Donnerstag, 6. Juli, ab 17 Uhr, Künstlerhaus Faktor: Wechselwirkungen im Stadtteil Sternschanze.

Freitag, 7. Juli, Einlass ab 19:00 Uhr, Beginn 19.30 Uhr, Fundbureau: Filmprogramm. „Sternbrücke“ (D 2013, 23 Min., Regie: Jonas Schaul) und „Sternstunde Null“ (D 2021, 45 Min., Regie: Paul Uhlig). Im Anschluss Filmgespräch mit den Filmemachern. In Kooperation mit dem B-Movie-Kino. Eintritt gegen Spende. www.b-movie.de

Samstag, 8. Juli, 16 Uhr: Biodiversität in der Pflasterritze. Botanische Überraschungen am Straßenrand rund um die Sternbrücke. Andromeda von Prondzinski

Sonntag, 9. Juli, 16 Uhr: Lauschen und Rauschen – ein Soundwalk an der Sternbrücke. Manuel Gies (Spaziergang) http://spaziergaeng.de/soundwalks/

Mittwoch, 12.07. 19:30 Uhr Bar 227: Initiative Sternbrücke präsentiert: Sternbrücke. Die Chronik einer misslungenen Planung. Vortrag von Ulrich Meyer (WP Ingenieure). Eine überdimensionierte Brücke von 108 Meter Länge und 26 Meter Höhe, mitten in einem engbebauten Stadtteil, der so dicht besiedelt ist, wie kaum kein anderer in Hamburg. Wie konnte es dazu kommen? Welche Planungsautomatismen sind von Senat und Bahn hier in Gang gesetzt worden, ohne die Angemessenheit der Konstruktion und die Auswirkungen auf das Klima zu hinterfragen? Dr. Ulrich Meyer, Partner und Geschäftsführer des Hamburger Ingenieursbüros WP Ingenieure, hat sich mit diesen Fragen auseinandergesetzt. Er nimmt den Planungsprozess unter die Lupe und erklärt das Geschehen wie ein Forensiker den Tathergang eines Verbrechens. Angestoßen von Ideen des Architekten Karsten Brauer, zeigt er eigene konkrete Ideen, wie eine neue Sternbrücke aussehen könnte: Städtebaulich verträglich, klimafreundlicher im Bau und trotzdem den Verkehrsanforderungen genügend.
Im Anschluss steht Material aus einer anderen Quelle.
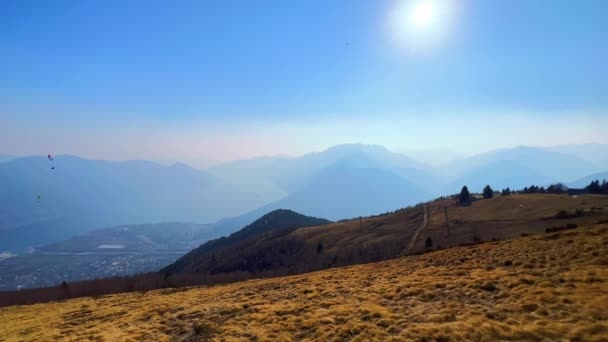 Cima Montaña Cimetta Monte Con Vistas Lago Maggiore Nebuloso Vegetación — Vídeos de Stock
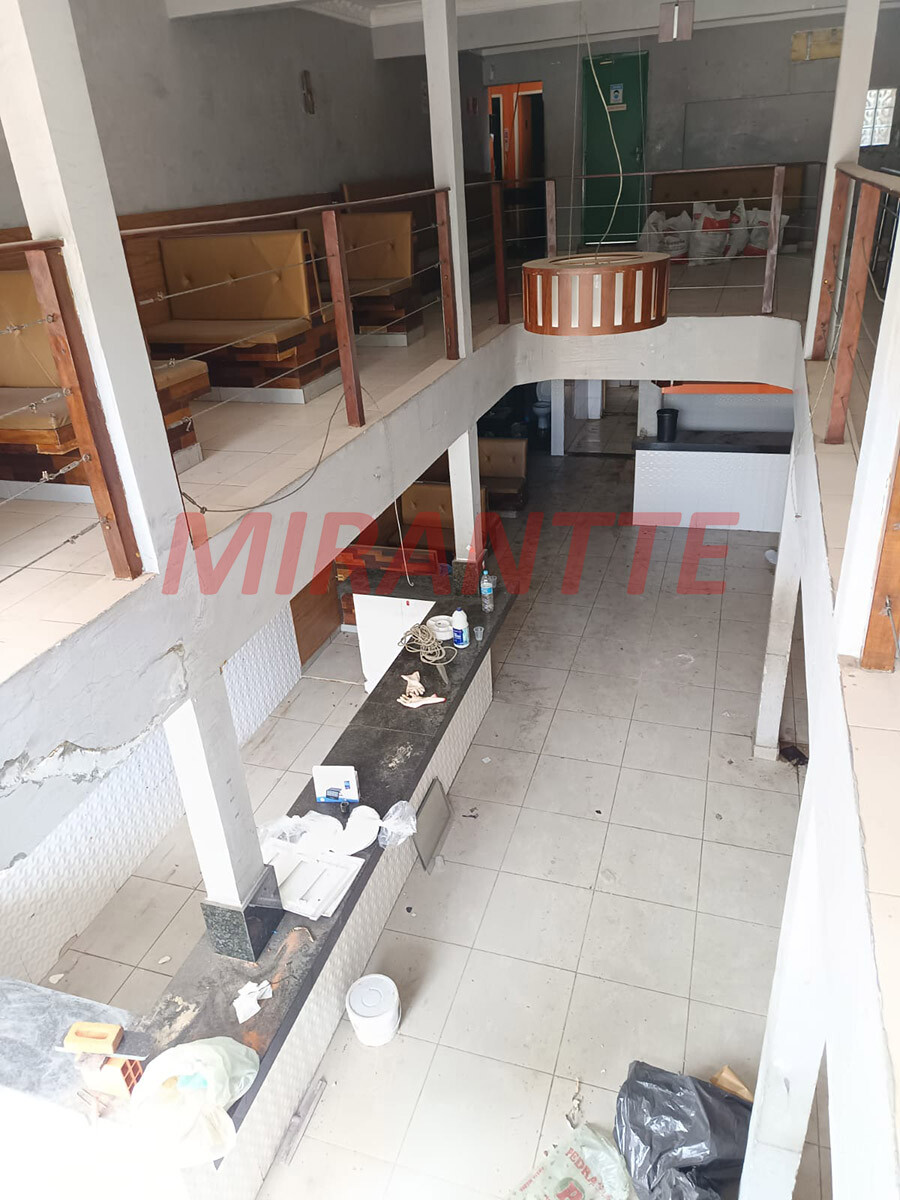 Comercial de 250m² em Santana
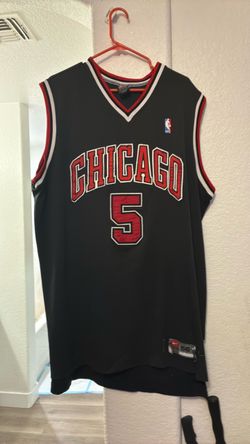 Chicago Bulls jersey Rose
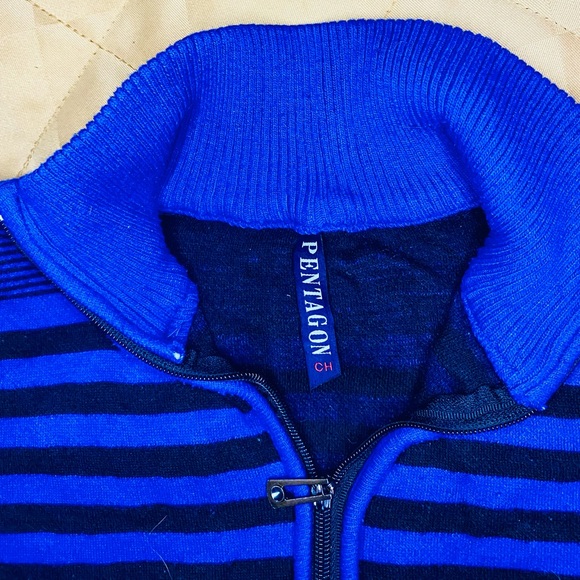 Pentagon, ch, blue and black - Picture 2 of 3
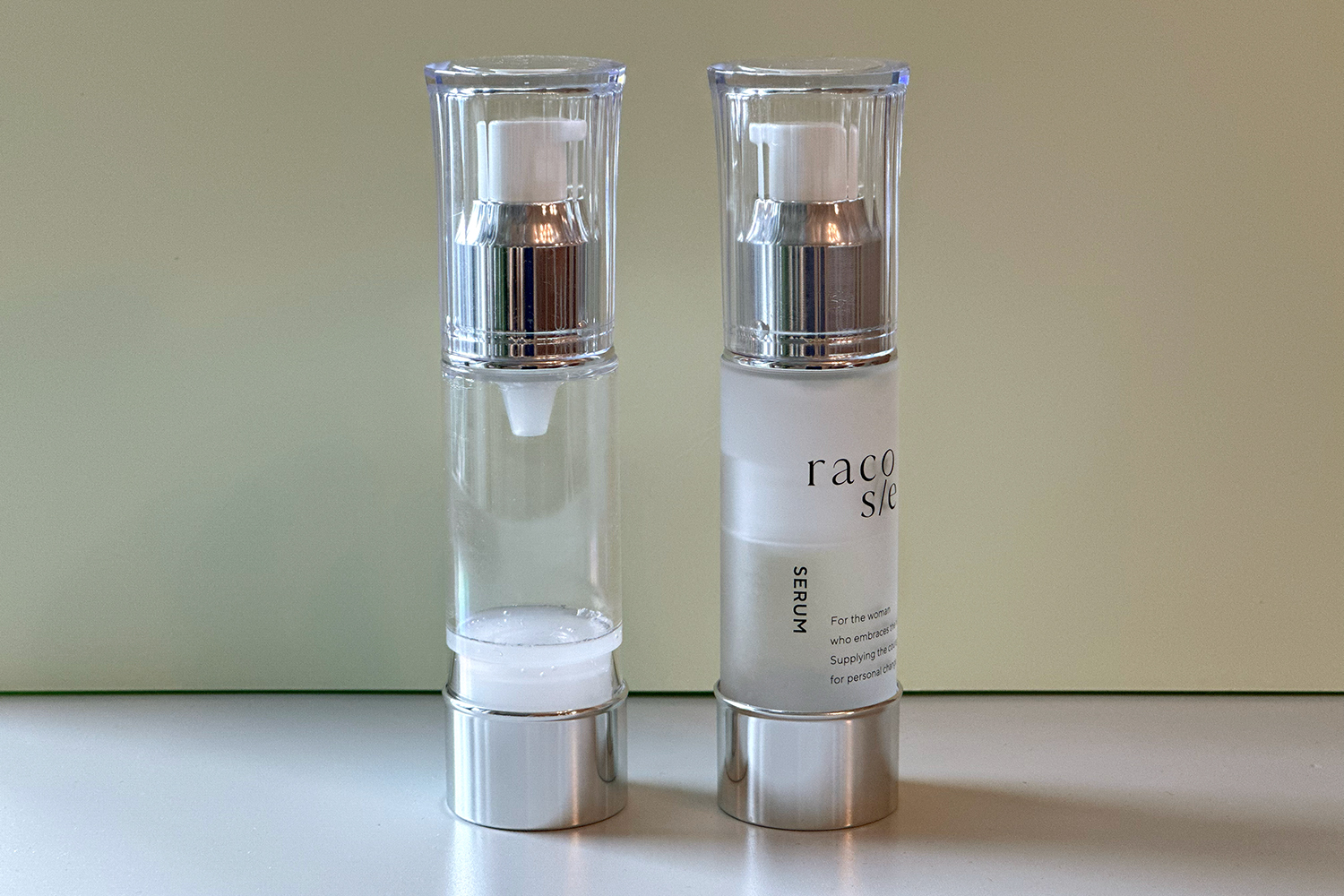racosie(ラコシェ) モイストエッセンスのエアレス容器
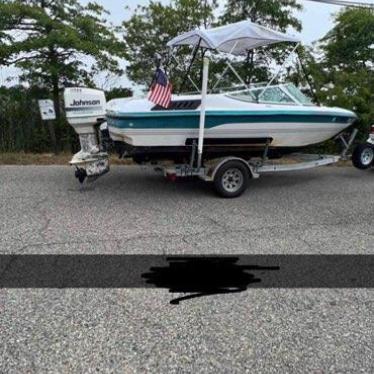 1996 Chaparral 18ft boat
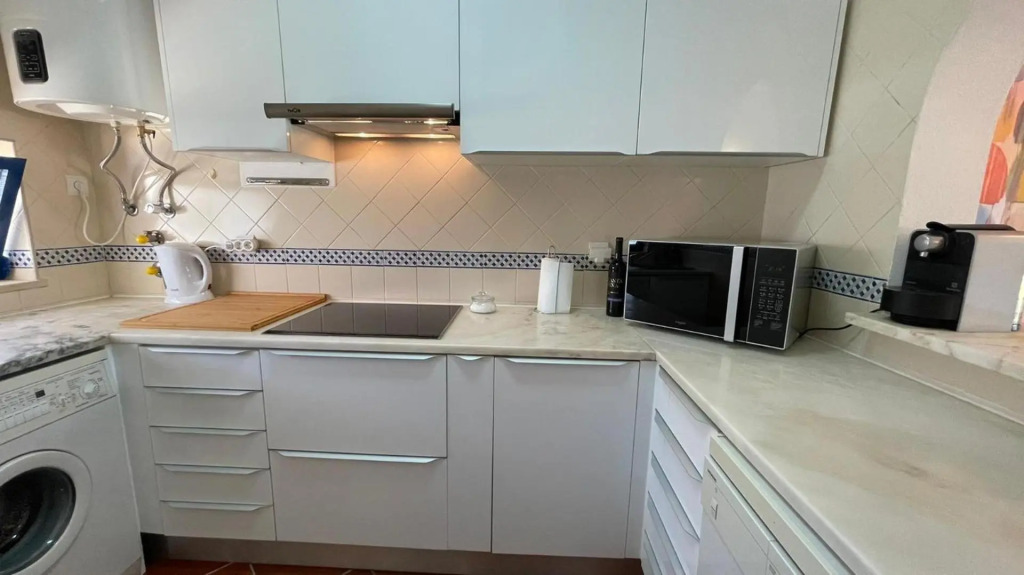 Superb Apartment with patio and pool view - BM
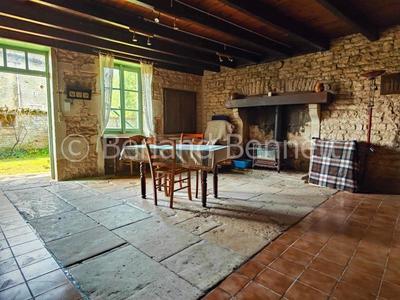 Maison en pierre - 113 m² - 4 pièces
Donnerstag,13, bis Sonntag, 16. Juli: Wovon träumt die Brücke? – Erarbeitung eines Hörstücks mit Kindern und Jugendlichen, radioPOL (Anmeldung erbeten: post@johannaklier.net). Wovon träumt die Brücke? Mit diesen und noch anderen Fragen im Gepäck sammeln, schneiden und senden wir mit euch vier Tage lang Stimmen, Geräusche, Musik und Sounds an der Kreuzung unter der Brücke. Dazu bauen wir eine kleine Live-Radio- und Aufnahmestation direkt vor Ort auf. Gemeinsam mit euch konzipieren und produzieren wir ein Hörspektakel fürs Radio. http://radiopol.org/

Alle Veranstaltungen finden an der Sternbrücke statt. Treffpunkt ist das Künstlerhaus Faktor. Der Eintritt/die Teilnahme ist kostenfrei – Das „Archiv Sternbrücke“ freut sich über Spenden.